Claudius has let his love of Gertrude and for the throne overrule any wider reflections about his fellow human beings. It may well be the case (as some productions make clear) that Hamlet Senior is a particularly unpleasant person and that Claudius and Gertrude really make a warm and loving couple, so that we have a firm sense of how the murder has put in charge a much more compatible and attractive couple. And Claudius's deep suffering in the prayer scene may earn him considerable sympathy. All that may be true. But Claudius's actions have clearly been motivated above all by what he wants for himself. There is no sense that seizing the crown of Denmark has come from any genuine love and regard for his fellow Danes, a sense of their needs as opposed to his own.

Shakespeare does not make this theme explicit in either play, at least not in the sense of drawing an easy and clearly articulated moral. His presentation of the action forces us to consider the limitations and the self-defeating consequences of the way these four characters use language to establish or to inhibit relationships between themselves and the world. It's not that any of these four is a totally unsympathetic person, for it's possible to find something in each of them to admire. But they all emerge as limited in some significant ways. They become prisoners of their own understanding of the world as that expresses itself in the language they use to cope, and they cannot move beyond that into some fuller and richer understanding of others and of themselves.

Of the four, Claudius appears to have the best grasp of what has happened to him. His acknowledgment of what his life has brought him seems honest and heart felt enough. Bolingbroke clearly sees some connection between his deeds and his later distress, but that issue is not explored in any great detail (otherwise the story of Henry IV as a tragedy might well overwhelm the focus on Prince Hal in the Henry IV plays). But Richard and Hamlet, for all their remarkable command of language, remain unable fully to understand just how much their suffering and the considerable suffering they bring to others result from their characteristic ways of talking about the world (or if that is too simple, from something which prompts that language).

We will be exploring some of these issue in connection with Hamlet in the later lectures on that play. For now, however, I would like to turn to another aspect of Richard II which is related to, although somewhat different from, the central concern with Richard's language.

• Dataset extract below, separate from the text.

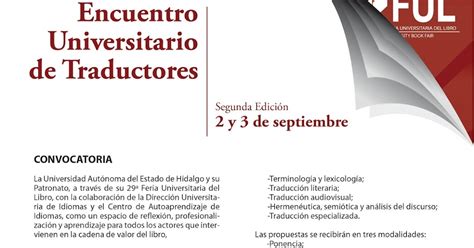 círculo de traductores Convocatoria Encuentro Universitario de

[Note for those interested in the Freire text, the references are to Paulo Freire, Pedagogy of the Oppressed, translated by Myra Bergman Ramos (NY: Seabury Press, 1968)]

The Transformation of the Language of Politics

There is, however, more to the importance of language in Richard II than what it reveals about the characters of Richard and Bolingbroke, for in the course of the play the language of politics itself and therefore the very nature of politics changes significantly.

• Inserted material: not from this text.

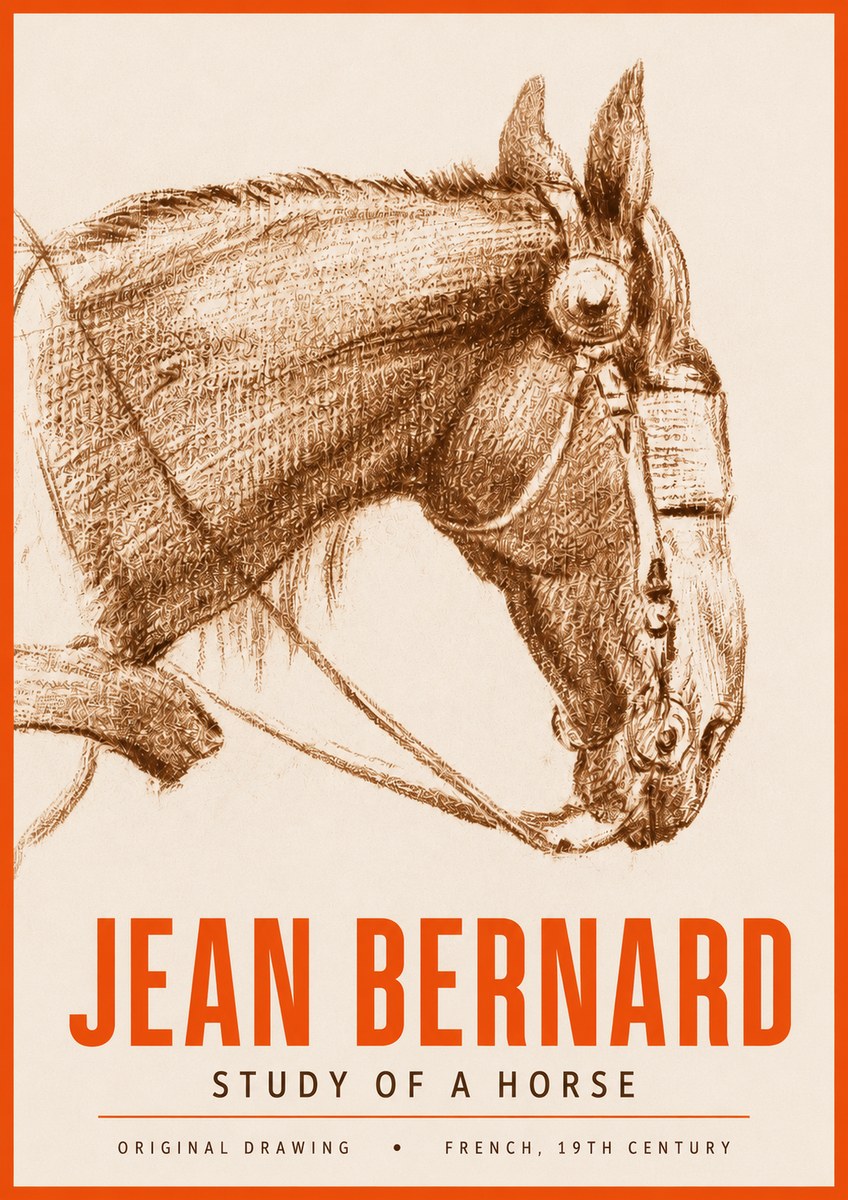 Jean Bernard Equine Study No4 - Plakat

At the very start of Richard II we witness Richard carrying out in full state the king's most important function, the administration of justice. At the end of the play, we witness Bolingbroke doing the same. But the two worlds are very different. The rebellion and usurpation have thus done more than simply replace one king with another; they have also transformed the nature of political life. And that emerges most clearly from the contrast in the language of the opening and closing court scenes.

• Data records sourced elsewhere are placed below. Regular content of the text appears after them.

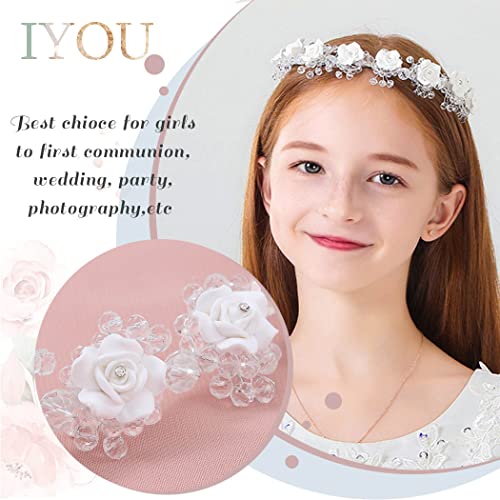 IYOU Nozze Comunione Pezzo di Capelli Bianco Fiore...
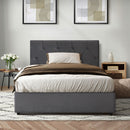 Oikiture Bed Frame King Single Gas Lift Base Storage Fabric Grey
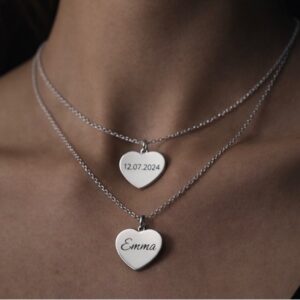 Collier Cœur Gravé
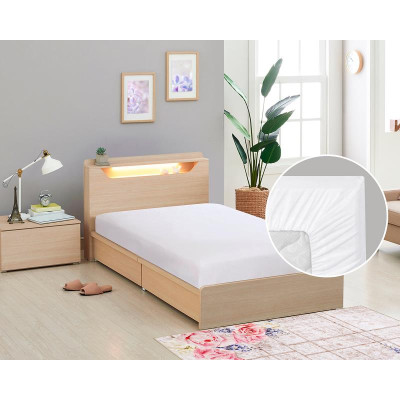 Prostěradlo plátěné s gumou 90x200 cm - bílá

The opening of Richard II confronts us with a recognizably medieval world. The proceedings are dominated by a shared group ceremony, in which the traditional formality of the occasion manifests itself in the formal dignity and ritualistic quality of the verse (emphasized by the frequent use of rhyme and repetitive phraseology). The full nobility of England stand together, everyone in his own recognized place, with Richard where he belongs, at the centre of it all. There is a formal exchange of charges and countercharges, a formulaic attempt to reconcile the antagonists, and a firm decision about the trial by combat. All this is conducted in the open, in a ceremony that everyone is familiar with. The very concept of a trial by combat rests on a shared faith in the notion of justice as an open and divinely guided business, one over which God's representative on earth, the king, presides to make sure that the ceremony is done properly.

Here we see Richard at his best. He seems fully up to the task of administering royal justice in the traditional way. Of course, this is fully consistent with what I have mentioned earlier, because this ceremony puts him at the centre of things, keeps everyone's attention on him, and requires a language which insists on Richard's importance. We have no sense yet of what might be lurking in Richard's heart, although the next scene immediately asks us the qualify our sense of Richard, since in 1.2 the Duchess of York charges Richard with the murder of which Mowbry is being accused and John of Gaunt agrees. Thus, when we come to 1.3, the trial by combat, we do not see it with quite the same eyes as we did 1.2 (splitting the scene in this way with a short interlude which gives us additional information, so that we have to assess Richard differently is a standard practice in Shakespeare, a way of alerting us to the potential complexities lurking under apparently ordered events).

However, what is noticeable about the trial by combat scene (1.3) is that everyone is coordinated in this enterprise, and Richard's judgment, when it is delivered, is agreed to, even though some people do not like the result. In other words, at the opening of this play, the realm is apparently functioning as it should. There is a shared order to society, and the language and ritualistic action emphasize the traditional and public nature of this communal order. This is possible because everyone shares the same public language and the meanings are clear and out in the open. Disputants have submitted themselves to this in the name of justice.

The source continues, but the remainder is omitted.